One of the recommendations of the North-South study of 1999 was that each hospital have a written antibiotic policy with appropriate audit of implementation. Has this essential recommendation been implemented? Is surveillance of MRSA ongoing North and South?

The Minister indicated that not all hospitals are attentive to this area. This is a matter of grave concern and a deficit that needs address. Will he ensure, if he is not already doing so, that the matter is pressed on all hospital managers and administrators?
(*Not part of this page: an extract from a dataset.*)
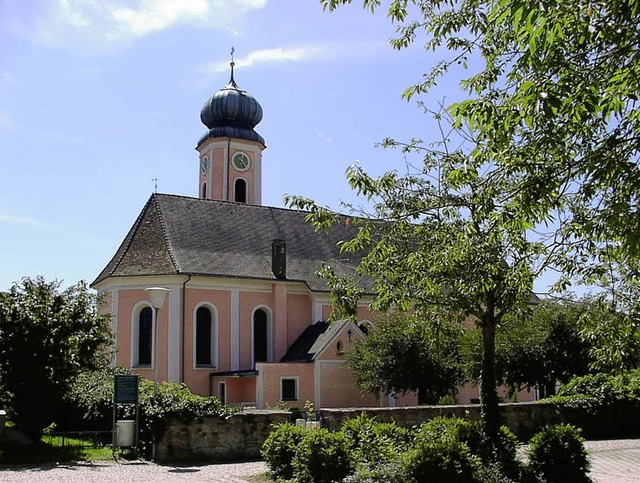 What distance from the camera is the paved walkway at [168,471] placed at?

What has been done to research and redress the significant regional variations in MRSA incidence identified in the 1999 study? Such research could shed light on administrative and managerial policies. Are the real statistics on MRSA emerging? As I stated, and the Minister agreed with my point, MRSA, as a contributory factor to death, is being understated. The reality is that its impact is much greater than indicated by the statistics.

Many people being subjected to catheter and other invasive procedures are very anxious. I am not overstating this matter as I have spoken to people who have major concerns about family members facing such an operation.

To be fair to all concerned, the national SARI committee has communicated with all hospitals. As I indicated, Ireland has the highest participation rate of any country involved in the European antimicrobial resistance surveillance system, with participating hospitals covering 95% of our population. I accept, however, that we must ensure that all hospitals are involved. I cannot state definitively that all hospitals are participating in the system but I will pursue the matter and revert to the Deputy with details.